Erken ik het bestaan van aspecten en beslissingen die ‘onbewust’ in onderzoek binnensluipen of probeer ik ook deze (achteraf) te legitimeren of (rationeel) te verklaren?

9.1.3. Positionering in macht en een verantwoordelijk gebruik van discursieve macht

Een derde criterium geldt evenzeer voor het gehele onderzoek en komt voort uit de postmoderne feministische visie die stelt dat ontsnappen aan of vermijden van macht onmogelijk is, dat er geen ‘buiten’ is vanwaaruit verzet kan worden geboden of

kennisproductie tot stand kan komen omdat elk spreken, denken en handelen is ingebed in een historische en sociaal-culturele context (Abma 1996; Condor 1997). Ook als

onderzoeker kan ik niet ‘buiten de macht’ staan en een neutrale positie innemen, maar moet ik mezelf positioneren in macht. Dat betekent dat ik niet kan volstaan met het doen van een ‘schuldbekentenis’, achteraf geschreven als een soort biecht, die voortkomt uit een behoefte aan politieke correctheid, zonder dat ik de dynamiek en meervoudigheid van mijn zelf heb doordacht (Abma 1996). Reflexiviteit op mijn positionering in macht betekent dat ik ook ‘de ander’ en ‘het andere’ in mijzelf moet onderzoeken en de wijze waarop mijn positionering in de loop van het onderzoek is verschoven. Het betekent dat ik als onderzoeker de zelf-ander of subject-object scheiding niet kan handhaven maar moet onderzoeken vanuit de visie dat ik als onderzoeker onvermijdelijk in relatie sta tot de fenomenen en contexten die ik bestudeer en dus zelf deel uitmaak van het onderwerp van onderzoek (Fine 1994; Burman 1996). Positionering in macht omvat niet alleen de erkenning van de onvermijdelijke partijdigheid en gewelddadigheid van de kennis die ik construeer - de ‘onschuld voorbij gaan’ (Abma 1996) - maar ook van de onvermijdelijke kwetsbaarheid en voorlopigheid van mijn eigen tekstuele weergave (Morawski & Steele 1991).

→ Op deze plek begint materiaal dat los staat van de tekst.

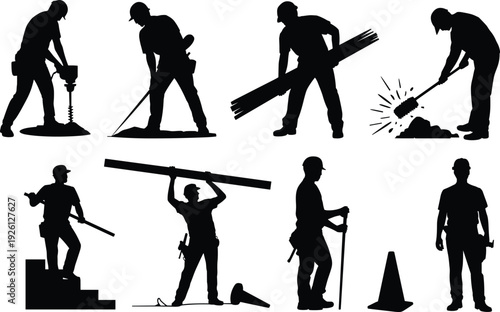 Construction Worker Silhouette Icons Set Featuring Diverse Tasks Including Jackhammering, Shoveling, Carrying, Surveying, and Traffic Management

Nauw hiermee verbonden is de noodzaak van sensitiviteit en verantwoordelijkheid voor de discursieve productie van machtsverhoudingen in mijn onderzoek. Dit vraagt om een ‘deconstructieve’ of ‘analytische lezing’ van mijn eigen onderzoek en tekst, met aandacht voor paradoxen, tegenstrijdigheden, het marginale of buitengeslotene en het vreemde en opmerkelijke (Opie 1992). Met reflectie op het gebruik van discursieve macht kan ik bijvoorbeeld voorkomen dat ik humanistisch raadslieden en feministische

hulpverleensters tot ‘dienstbare anderen’ maak door aan hen datgene toe te schrijven wat ik (in mijzelf) afkeur of door verhalen en citaten op te voeren om me daar vervolgens tegen af te zetten (Condor 1997). Ook kan ik daarmee voorkomen dat ik in de valkuil loop van het romantiseren van hulpverleners, ook wel aangeduid als het creëren van een ‘exotische ander’ (Condor 1997; Wilkinson & Kitzinger 1996). In beide gevallen is sprake van een toe-eigenen van de ander, dat met een verantwoordelijk gebruik van discursieve macht kan worden voorkomen (Opie 1992). Met een verantwoordelijk gebruik van discursieve macht bedoel ik dat ik niet alleen de visies, beelden en interpretaties waartegen ik mij afzet aan een kritische analyse moet onderwerpen, maar ook mijn eigen betoog. In navolging van Wilkinson & Kitzinger (1996) hecht ik er belang aan de meervoudigheid en dynamiek van mijn onderzoeksgebied en onderwerp te laten zien, met andere woorden om humanistisch raadswerk en feministische hulpverlening op uiteenlopende wijzen te presenteren en naar verschillende duidingen te zoeken van uitspraken, teksten, gebeurtenissen of handelingen. Voor mijn onderzoek en de weergave daarvan doemen dan vragen op als:

• Wie ben ik, waar kom ik vandaan en waar ga ik naar toe en wat betekent dat voor de positie die ik inneem in het onderzoek en de kennis die ik construeer? Hoe is dit veranderd in de loop van het onderzoek?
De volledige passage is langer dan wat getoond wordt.